Esse problema envolve a equipe como um todo, a miopia da responsabilidade. A equipe técnica normalmente não se responsabiliza e nem sequer se preocupa com os custos da operação, porque não é ela que vai pagar os custos no final do processo. Ela vai te demandar designers, ela vai te demandar mais desenvolvedores, ela vai te demandar uma infraestrutura cada vez mais cara porque, no final, não é responsabilidade dela arrumar o dinheiro para pagar essa conta.

No final da historia, quando a gente junta essas quatro miopias, capacidade, operabilidade, custo e responsabilidade, você tem uma bomba relógio. Se você está tendo uma dessas quatro miopias, precisa urgentemente focar seus olhos e começar a ver, se não você pode explodir a sua empresa. Se você não tomar conta e aparar as arestas, pode gerar uma sangria e fazer a sua empresa e o seu projeto irem por água a baixo. O equilíbrio para se ter uma boa empresa de tecnologia é conseguir balancear as contas e criar softwares com responsabilidade. Seus colaboradores têm que entender o custo de cada elemento que se traz para dentro da equipe, para contratar um freelancer, para conseguir enxugar os custos de infraestrutura, entender a empresa como um todo, não só a função que eles estão exercendo. Se focar só na função que está exercendo e não entender o contexto geral, você vai com certeza ter problema.

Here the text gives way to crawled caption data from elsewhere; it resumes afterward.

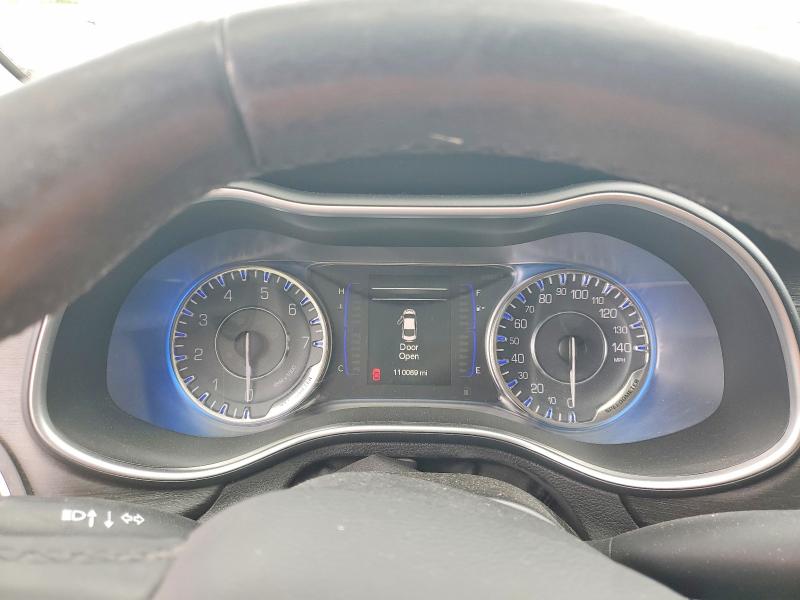 Aukcja sprzedaży 2015 Chrysler 200, vin: 1C3CCCAB4FN677526, numer aukcji: 53897636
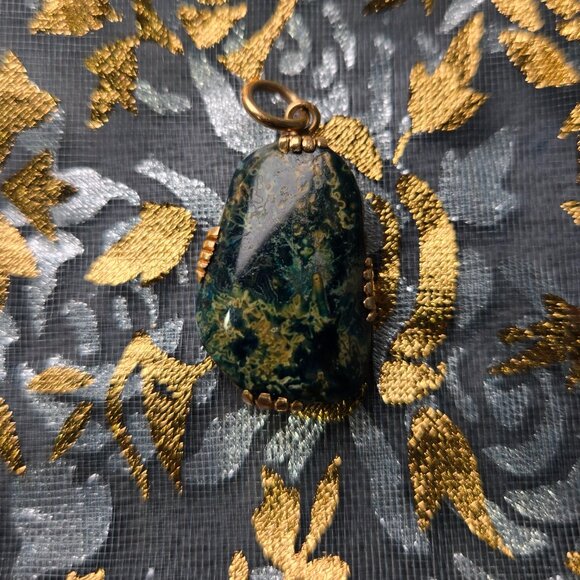 Elegant Ocean Jasper Pendant with 18K Gold – A Natural Beauty - Picture 1 of 7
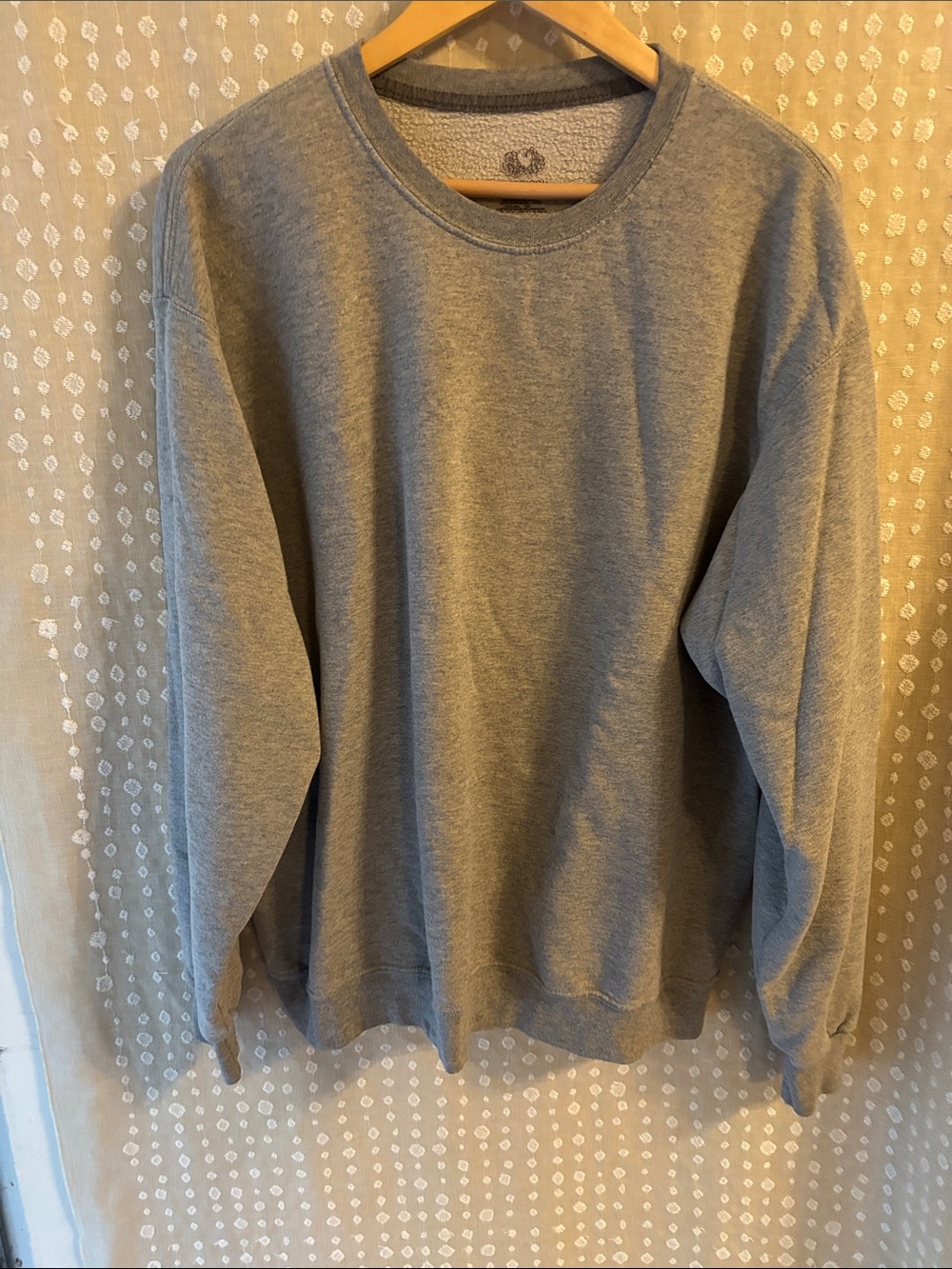 Fruit of the Loom Men’s Crewneck Sweatshirt in Heather Gray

Em minha opinião, o ideal é que toda a equipe esteja alinhada com essas diretrizes e tenha muita responsabilidade na hora de criar novas featrures, na hora do planejamento. Precisa ficar muito claro os custos envolvidos, todo mundo precisa ser um pouco responsável por essa estrutura pra não fazer ela ruir, e é preciso ter humildade para entender a capacidade de cada profissional que está dentro da equipe, se ele consegue de fato entregar ou não o resultado que está sendo demandado. A cada vez que a gente deixa de entregar numa deadline, a cada vez que a gente cria funcionalidades que não são necessárias, que não foram pedidas, a gente está gastando dinheiro da empresa, que poderia estar sendo investido em outras coisas, que poderia estar contratando profissionais que estariam fazendo o que tem que ser feito.

Então a somatória desses quatro fatores, pra mim, são os determinantes para um negocio dar certo.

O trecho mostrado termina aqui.